* [Exercise aim]:
When you transcribe the records that follow, reproduce each line exactly as given.
Start of Provided data
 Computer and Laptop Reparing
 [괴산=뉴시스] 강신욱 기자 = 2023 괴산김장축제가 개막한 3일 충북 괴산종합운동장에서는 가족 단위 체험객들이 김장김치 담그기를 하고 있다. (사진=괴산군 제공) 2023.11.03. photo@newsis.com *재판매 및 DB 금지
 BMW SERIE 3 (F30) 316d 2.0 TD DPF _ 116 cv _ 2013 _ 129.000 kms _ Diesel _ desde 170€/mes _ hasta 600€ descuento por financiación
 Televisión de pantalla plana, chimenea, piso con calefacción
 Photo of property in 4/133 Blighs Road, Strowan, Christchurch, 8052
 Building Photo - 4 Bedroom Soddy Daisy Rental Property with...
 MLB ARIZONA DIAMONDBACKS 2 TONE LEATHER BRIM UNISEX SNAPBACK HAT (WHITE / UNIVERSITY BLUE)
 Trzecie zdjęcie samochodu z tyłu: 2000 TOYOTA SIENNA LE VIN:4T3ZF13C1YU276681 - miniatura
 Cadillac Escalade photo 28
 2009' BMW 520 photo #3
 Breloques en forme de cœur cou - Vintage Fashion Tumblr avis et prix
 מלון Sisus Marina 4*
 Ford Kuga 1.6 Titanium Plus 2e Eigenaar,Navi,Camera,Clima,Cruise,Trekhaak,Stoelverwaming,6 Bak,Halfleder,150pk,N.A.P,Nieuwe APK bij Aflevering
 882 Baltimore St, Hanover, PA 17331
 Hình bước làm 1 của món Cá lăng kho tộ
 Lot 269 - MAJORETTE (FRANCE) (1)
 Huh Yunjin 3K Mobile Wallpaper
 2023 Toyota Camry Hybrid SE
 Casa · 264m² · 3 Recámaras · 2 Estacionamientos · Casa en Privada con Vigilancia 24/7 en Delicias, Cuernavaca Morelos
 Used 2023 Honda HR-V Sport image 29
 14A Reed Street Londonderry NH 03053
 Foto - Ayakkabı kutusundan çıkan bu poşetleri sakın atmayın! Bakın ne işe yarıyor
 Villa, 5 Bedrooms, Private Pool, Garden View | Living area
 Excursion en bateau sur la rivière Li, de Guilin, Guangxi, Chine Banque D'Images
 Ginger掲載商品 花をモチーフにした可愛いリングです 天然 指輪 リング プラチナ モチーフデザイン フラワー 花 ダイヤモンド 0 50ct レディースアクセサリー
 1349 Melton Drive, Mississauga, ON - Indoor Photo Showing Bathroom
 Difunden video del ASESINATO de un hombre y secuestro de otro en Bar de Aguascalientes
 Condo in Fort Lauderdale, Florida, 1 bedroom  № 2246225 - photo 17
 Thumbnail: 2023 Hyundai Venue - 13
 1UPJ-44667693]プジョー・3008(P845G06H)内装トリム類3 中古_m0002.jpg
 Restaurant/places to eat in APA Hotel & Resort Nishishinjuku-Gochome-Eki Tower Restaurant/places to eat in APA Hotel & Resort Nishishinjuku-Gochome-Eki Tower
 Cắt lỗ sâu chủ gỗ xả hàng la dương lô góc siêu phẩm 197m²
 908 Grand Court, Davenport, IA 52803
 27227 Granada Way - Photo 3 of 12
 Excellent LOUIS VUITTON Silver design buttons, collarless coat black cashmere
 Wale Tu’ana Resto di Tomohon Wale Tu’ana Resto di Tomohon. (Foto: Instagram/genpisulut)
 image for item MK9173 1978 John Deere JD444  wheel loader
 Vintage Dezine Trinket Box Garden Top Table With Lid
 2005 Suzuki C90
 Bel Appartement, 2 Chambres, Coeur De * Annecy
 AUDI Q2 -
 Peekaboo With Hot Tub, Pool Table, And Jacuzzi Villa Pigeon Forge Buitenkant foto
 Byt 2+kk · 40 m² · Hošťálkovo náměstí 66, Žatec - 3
End of Provided data
* [Response to this task]:
 Computer and Laptop Reparing
 [괴산=뉴시스] 강신욱 기자 = 2023 괴산김장축제가 개막한 3일 충북 괴산종합운동장에서는 가족 단위 체험객들이 김장김치 담그기를 하고 있다. (사진=괴산군 제공) 2023.11.03. photo@newsis.com *재판매 및 DB 금지
 BMW SERIE 3 (F30) 316d 2.0 TD DPF _ 116 cv _ 2013 _ 129.000 kms _ Diesel _ desde 170€/mes _ hasta 600€ descuento por financiación
 Televisión de pantalla plana, chimenea, piso con calefacción
 Photo of property in 4/133 Blighs Road, Strowan, Christchurch, 8052
 Building Photo - 4 Bedroom Soddy Daisy Rental Property with...
 MLB ARIZONA DIAMONDBACKS 2 TONE LEATHER BRIM UNISEX SNAPBACK HAT (WHITE / UNIVERSITY BLUE)
 Trzecie zdjęcie samochodu z tyłu: 2000 TOYOTA SIENNA LE VIN:4T3ZF13C1YU276681 - miniatura
 Cadillac Escalade photo 28
 2009' BMW 520 photo #3
 Breloques en forme de cœur cou - Vintage Fashion Tumblr avis et prix
 מלון Sisus Marina 4*
 Ford Kuga 1.6 Titanium Plus 2e Eigenaar,Navi,Camera,Clima,Cruise,Trekhaak,Stoelverwaming,6 Bak,Halfleder,150pk,N.A.P,Nieuwe APK bij Aflevering
 882 Baltimore St, Hanover, PA 17331
 Hình bước làm 1 của món Cá lăng kho tộ
 Lot 269 - MAJORETTE (FRANCE) (1)
 Huh Yunjin 3K Mobile Wallpaper
 2023 Toyota Camry Hybrid SE
 Casa · 264m² · 3 Recámaras · 2 Estacionamientos · Casa en Privada con Vigilancia 24/7 en Delicias, Cuernavaca Morelos
 Used 2023 Honda HR-V Sport image 29
 14A Reed Street Londonderry NH 03053
 Foto - Ayakkabı kutusundan çıkan bu poşetleri sakın atmayın! Bakın ne işe yarıyor
 Villa, 5 Bedrooms, Private Pool, Garden View | Living area
 Excursion en bateau sur la rivière Li, de Guilin, Guangxi, Chine Banque D'Images
 Ginger掲載商品 花をモチーフにした可愛いリングです 天然 指輪 リング プラチナ モチーフデザイン フラワー 花 ダイヤモンド 0 50ct レディースアクセサリー
 1349 Melton Drive, Mississauga, ON - Indoor Photo Showing Bathroom
 Difunden video del ASESINATO de un hombre y secuestro de otro en Bar de Aguascalientes
 Condo in Fort Lauderdale, Florida, 1 bedroom  № 2246225 - photo 17
 Thumbnail: 2023 Hyundai Venue - 13
 1UPJ-44667693]プジョー・3008(P845G06H)内装トリム類3 中古_m0002.jpg
 Restaurant/places to eat in APA Hotel & Resort Nishishinjuku-Gochome-Eki Tower Restaurant/places to eat in APA Hotel & Resort Nishishinjuku-Gochome-Eki Tower
 Cắt lỗ sâu chủ gỗ xả hàng la dương lô góc siêu phẩm 197m²
 908 Grand Court, Davenport, IA 52803
 27227 Granada Way - Photo 3 of 12
 Excellent LOUIS VUITTON Silver design buttons, collarless coat black cashmere
 Wale Tu’ana Resto di Tomohon Wale Tu’ana Resto di Tomohon. (Foto: Instagram/genpisulut)
 image for item MK9173 1978 John Deere JD444  wheel loader
 Vintage Dezine Trinket Box Garden Top Table With Lid
 2005 Suzuki C90
 Bel Appartement, 2 Chambres, Coeur De * Annecy
 AUDI Q2 -
 Peekaboo With Hot Tub, Pool Table, And Jacuzzi Villa Pigeon Forge Buitenkant foto
 Byt 2+kk · 40 m² · Hošťálkovo náměstí 66, Žatec - 3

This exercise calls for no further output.